ACTION ITEM: Filter these records by the string "avec", copying each line that holds it.

[Brief descriptive captions]

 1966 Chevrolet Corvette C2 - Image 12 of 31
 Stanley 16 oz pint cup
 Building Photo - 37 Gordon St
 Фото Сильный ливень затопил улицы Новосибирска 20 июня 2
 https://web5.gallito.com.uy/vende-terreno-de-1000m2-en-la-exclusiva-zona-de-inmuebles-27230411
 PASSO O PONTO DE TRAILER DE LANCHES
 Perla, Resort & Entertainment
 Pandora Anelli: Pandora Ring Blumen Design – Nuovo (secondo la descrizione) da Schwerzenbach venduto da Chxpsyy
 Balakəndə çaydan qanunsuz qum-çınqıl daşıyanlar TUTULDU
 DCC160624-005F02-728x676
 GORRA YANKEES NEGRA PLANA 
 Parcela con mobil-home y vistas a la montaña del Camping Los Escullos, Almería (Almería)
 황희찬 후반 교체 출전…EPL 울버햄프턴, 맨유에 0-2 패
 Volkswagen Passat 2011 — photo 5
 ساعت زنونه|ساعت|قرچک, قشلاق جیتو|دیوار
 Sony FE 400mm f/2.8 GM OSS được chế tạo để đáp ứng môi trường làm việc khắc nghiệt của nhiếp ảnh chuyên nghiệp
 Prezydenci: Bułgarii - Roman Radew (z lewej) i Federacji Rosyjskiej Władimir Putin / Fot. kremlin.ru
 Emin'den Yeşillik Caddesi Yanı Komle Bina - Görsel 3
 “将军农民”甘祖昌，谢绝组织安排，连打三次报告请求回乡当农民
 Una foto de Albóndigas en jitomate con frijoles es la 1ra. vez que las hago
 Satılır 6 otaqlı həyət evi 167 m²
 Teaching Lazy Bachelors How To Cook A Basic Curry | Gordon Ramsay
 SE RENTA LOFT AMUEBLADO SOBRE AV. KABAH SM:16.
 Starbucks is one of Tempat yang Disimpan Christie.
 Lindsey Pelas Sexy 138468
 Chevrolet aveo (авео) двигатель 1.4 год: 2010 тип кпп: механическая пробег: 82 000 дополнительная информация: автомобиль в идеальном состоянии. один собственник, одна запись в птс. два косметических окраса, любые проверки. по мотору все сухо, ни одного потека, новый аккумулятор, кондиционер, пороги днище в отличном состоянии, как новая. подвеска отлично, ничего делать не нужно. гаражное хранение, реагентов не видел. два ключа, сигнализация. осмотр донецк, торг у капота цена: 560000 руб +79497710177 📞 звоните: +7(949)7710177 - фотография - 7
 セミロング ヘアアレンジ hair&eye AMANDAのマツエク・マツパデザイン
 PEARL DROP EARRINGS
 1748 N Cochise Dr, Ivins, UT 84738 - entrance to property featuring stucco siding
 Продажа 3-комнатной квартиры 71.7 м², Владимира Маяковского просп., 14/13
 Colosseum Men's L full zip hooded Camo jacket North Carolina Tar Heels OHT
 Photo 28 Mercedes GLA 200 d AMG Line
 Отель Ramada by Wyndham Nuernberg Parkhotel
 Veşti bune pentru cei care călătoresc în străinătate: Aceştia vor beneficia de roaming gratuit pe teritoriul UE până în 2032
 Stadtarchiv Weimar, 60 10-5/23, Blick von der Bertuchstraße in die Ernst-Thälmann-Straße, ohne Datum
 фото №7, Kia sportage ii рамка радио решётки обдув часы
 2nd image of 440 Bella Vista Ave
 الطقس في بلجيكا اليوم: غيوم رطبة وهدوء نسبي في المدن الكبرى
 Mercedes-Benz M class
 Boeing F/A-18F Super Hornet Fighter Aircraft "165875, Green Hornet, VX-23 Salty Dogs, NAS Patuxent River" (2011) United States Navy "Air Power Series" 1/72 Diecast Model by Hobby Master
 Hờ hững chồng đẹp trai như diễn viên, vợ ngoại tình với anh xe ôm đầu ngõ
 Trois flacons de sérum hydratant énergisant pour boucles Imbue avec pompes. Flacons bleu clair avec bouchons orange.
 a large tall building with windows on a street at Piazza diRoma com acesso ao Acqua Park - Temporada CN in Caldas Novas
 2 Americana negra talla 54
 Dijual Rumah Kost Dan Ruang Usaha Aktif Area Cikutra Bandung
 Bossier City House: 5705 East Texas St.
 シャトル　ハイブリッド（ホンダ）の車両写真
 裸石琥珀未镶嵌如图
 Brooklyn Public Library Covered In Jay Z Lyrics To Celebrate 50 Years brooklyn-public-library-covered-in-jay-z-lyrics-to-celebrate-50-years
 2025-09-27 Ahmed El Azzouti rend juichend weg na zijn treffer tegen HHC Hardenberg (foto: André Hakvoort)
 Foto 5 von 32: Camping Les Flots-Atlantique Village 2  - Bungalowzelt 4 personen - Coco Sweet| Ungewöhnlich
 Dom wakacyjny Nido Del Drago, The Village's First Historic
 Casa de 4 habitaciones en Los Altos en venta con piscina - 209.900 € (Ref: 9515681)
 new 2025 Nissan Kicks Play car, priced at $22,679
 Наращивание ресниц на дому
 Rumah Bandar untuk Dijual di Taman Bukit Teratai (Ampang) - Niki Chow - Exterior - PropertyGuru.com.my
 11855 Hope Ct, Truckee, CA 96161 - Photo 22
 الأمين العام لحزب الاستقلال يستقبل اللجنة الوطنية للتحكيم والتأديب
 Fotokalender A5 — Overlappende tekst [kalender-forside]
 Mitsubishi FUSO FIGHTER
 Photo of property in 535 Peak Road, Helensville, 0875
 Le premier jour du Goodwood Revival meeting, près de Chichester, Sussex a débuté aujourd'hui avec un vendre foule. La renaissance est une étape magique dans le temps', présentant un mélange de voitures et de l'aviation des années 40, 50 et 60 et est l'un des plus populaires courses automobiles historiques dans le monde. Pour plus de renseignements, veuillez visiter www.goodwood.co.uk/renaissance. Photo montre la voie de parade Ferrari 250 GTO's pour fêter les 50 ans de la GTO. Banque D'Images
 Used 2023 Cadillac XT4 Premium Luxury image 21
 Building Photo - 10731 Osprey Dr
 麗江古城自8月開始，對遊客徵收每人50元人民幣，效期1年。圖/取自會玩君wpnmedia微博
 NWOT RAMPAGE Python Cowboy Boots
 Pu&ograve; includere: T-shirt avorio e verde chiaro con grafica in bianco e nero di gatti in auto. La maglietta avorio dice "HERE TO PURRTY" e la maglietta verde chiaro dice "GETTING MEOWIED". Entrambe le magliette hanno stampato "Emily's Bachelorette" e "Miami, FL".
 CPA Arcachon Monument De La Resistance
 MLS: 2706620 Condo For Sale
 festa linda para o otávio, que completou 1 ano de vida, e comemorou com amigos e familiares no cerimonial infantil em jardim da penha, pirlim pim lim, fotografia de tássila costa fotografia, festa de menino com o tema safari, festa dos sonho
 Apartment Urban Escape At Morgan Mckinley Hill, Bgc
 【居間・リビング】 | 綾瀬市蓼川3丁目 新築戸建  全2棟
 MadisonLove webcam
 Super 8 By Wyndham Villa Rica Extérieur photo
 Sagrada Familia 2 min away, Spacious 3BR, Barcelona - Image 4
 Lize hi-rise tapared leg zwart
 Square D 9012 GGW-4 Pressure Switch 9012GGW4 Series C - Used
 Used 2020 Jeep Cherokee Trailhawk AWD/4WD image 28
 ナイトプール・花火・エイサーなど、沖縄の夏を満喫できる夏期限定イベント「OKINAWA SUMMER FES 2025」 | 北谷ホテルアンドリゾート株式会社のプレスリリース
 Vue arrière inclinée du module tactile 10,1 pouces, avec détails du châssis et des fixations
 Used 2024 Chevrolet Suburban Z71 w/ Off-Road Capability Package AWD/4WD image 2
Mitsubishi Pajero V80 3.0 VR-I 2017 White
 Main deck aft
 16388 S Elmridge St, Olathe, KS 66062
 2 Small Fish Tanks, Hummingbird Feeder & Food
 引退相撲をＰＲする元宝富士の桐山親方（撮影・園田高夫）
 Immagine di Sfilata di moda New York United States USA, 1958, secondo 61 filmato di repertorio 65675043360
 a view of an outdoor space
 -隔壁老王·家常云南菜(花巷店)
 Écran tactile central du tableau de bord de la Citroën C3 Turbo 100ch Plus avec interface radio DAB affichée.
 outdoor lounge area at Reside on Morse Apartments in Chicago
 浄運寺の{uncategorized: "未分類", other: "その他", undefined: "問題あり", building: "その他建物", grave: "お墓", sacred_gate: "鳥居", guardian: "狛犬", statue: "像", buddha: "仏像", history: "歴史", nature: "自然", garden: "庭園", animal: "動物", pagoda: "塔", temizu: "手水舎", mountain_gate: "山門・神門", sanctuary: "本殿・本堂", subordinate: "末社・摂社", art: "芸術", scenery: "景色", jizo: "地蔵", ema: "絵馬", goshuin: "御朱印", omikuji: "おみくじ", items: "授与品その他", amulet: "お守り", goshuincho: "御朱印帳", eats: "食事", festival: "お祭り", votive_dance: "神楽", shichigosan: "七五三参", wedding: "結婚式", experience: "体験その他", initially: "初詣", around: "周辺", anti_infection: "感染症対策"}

FINAL ANSWER:
 Trois flacons de sérum hydratant énergisant pour boucles Imbue avec pompes. Flacons bleu clair avec bouchons orange.
 Le premier jour du Goodwood Revival meeting, près de Chichester, Sussex a débuté aujourd'hui avec un vendre foule. La renaissance est une étape magique dans le temps', présentant un mélange de voitures et de l'aviation des années 40, 50 et 60 et est l'un des plus populaires courses automobiles historiques dans le monde. Pour plus de renseignements, veuillez visiter www.goodwood.co.uk/renaissance. Photo montre la voie de parade Ferrari 250 GTO's pour fêter les 50 ans de la GTO. Banque D'Images
 Vue arrière inclinée du module tactile 10,1 pouces, avec détails du châssis et des fixations
 Écran tactile central du tableau de bord de la Citroën C3 Turbo 100ch Plus avec interface radio DAB affichée.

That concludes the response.